The problem: In the entries that follow, find every line containing "Pháp" and copy it.

Available data:
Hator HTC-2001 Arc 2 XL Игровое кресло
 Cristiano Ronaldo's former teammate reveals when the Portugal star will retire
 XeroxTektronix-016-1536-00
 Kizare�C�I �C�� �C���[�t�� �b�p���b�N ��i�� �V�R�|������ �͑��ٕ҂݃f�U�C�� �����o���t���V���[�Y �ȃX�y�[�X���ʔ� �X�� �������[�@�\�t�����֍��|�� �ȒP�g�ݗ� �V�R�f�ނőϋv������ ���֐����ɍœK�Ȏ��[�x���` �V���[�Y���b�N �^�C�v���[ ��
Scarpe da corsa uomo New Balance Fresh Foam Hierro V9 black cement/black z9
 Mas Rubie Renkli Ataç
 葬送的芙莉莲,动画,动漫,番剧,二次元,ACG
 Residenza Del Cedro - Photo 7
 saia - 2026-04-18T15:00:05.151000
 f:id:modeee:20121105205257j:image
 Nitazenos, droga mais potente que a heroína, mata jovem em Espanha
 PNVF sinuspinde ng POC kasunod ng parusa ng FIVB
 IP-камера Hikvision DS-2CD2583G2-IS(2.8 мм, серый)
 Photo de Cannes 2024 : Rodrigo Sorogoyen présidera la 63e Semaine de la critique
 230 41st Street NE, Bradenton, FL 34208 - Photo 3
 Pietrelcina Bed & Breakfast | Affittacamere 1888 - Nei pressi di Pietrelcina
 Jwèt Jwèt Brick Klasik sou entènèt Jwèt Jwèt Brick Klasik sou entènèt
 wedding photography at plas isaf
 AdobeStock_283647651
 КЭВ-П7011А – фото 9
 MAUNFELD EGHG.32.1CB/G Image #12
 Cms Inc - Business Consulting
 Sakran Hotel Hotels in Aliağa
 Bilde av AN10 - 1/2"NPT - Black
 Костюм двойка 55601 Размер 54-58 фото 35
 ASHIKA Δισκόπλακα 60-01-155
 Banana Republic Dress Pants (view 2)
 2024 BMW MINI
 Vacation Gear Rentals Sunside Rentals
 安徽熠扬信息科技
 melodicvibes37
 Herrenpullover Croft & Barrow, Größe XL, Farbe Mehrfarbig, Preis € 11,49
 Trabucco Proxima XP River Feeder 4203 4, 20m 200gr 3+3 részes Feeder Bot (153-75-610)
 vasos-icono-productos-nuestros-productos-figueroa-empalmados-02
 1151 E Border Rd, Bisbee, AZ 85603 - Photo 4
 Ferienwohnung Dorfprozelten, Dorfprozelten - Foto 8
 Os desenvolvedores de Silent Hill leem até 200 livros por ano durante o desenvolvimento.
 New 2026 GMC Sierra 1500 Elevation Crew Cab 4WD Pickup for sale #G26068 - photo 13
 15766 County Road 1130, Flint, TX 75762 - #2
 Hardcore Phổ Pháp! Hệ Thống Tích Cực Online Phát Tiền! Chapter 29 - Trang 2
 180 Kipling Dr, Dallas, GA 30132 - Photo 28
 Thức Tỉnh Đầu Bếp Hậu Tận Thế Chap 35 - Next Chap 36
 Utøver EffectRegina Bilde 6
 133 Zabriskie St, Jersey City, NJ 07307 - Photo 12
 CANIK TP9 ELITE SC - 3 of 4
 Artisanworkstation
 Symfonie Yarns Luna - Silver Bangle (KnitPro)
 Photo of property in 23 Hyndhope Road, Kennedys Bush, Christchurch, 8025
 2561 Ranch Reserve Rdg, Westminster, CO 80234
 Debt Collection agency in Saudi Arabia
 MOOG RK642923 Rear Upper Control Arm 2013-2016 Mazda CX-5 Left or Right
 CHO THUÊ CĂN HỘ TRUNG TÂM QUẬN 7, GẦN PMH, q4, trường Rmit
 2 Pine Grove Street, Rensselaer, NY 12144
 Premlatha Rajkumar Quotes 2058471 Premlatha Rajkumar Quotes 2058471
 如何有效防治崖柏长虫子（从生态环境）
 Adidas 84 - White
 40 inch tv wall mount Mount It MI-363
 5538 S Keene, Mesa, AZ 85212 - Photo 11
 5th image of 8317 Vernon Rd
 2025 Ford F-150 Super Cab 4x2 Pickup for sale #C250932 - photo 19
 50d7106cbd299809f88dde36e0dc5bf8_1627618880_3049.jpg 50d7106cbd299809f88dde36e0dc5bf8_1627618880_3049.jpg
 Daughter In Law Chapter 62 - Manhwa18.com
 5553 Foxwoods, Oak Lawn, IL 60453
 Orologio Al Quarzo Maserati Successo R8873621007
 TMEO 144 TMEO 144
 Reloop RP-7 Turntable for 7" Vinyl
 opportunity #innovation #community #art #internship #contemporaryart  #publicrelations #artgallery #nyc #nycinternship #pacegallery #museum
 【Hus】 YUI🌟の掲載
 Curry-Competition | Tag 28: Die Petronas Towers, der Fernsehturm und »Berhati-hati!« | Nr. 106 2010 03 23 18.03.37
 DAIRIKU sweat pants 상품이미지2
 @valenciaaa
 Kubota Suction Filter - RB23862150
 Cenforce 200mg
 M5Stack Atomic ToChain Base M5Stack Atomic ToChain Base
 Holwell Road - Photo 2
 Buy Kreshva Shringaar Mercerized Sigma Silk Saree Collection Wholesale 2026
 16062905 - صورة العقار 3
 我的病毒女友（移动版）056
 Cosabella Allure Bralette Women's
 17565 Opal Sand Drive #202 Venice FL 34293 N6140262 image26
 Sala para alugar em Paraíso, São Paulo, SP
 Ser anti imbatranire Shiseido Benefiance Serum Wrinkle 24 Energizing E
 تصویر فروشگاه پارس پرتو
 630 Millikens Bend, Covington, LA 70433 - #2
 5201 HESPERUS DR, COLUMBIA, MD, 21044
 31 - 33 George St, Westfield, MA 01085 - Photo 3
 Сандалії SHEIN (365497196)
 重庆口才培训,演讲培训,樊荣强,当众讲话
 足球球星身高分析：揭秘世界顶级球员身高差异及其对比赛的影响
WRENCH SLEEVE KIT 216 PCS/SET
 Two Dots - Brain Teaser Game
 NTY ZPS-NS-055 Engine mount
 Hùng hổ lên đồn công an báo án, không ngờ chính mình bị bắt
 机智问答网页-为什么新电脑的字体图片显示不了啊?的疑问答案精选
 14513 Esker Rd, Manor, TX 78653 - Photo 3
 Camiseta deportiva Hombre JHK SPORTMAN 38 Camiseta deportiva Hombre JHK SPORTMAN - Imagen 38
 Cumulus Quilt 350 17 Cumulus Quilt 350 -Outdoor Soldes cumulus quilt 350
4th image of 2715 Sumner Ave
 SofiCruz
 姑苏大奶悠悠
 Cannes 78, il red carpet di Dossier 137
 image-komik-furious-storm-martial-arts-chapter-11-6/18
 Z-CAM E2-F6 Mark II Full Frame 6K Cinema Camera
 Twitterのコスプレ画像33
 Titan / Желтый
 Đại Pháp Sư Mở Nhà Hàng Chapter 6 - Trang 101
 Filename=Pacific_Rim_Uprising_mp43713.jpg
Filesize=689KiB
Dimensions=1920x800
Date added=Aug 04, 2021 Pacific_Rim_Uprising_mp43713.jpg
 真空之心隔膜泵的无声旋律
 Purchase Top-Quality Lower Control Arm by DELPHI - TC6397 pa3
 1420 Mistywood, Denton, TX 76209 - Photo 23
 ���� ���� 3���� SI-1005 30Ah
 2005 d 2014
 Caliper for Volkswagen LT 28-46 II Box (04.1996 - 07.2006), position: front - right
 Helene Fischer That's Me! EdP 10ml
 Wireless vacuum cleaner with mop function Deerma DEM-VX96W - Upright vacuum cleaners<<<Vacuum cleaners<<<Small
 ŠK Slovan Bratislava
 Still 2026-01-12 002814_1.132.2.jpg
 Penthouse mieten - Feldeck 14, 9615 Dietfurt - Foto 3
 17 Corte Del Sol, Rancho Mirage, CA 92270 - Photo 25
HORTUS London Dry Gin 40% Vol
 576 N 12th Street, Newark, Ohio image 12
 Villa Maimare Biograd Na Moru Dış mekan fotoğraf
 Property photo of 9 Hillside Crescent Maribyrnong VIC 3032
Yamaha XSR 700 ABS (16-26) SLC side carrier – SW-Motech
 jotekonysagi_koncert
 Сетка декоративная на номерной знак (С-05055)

Task output:
 Hardcore Phổ Pháp! Hệ Thống Tích Cực Online Phát Tiền! Chapter 29 - Trang 2
 Đại Pháp Sư Mở Nhà Hàng Chapter 6 - Trang 101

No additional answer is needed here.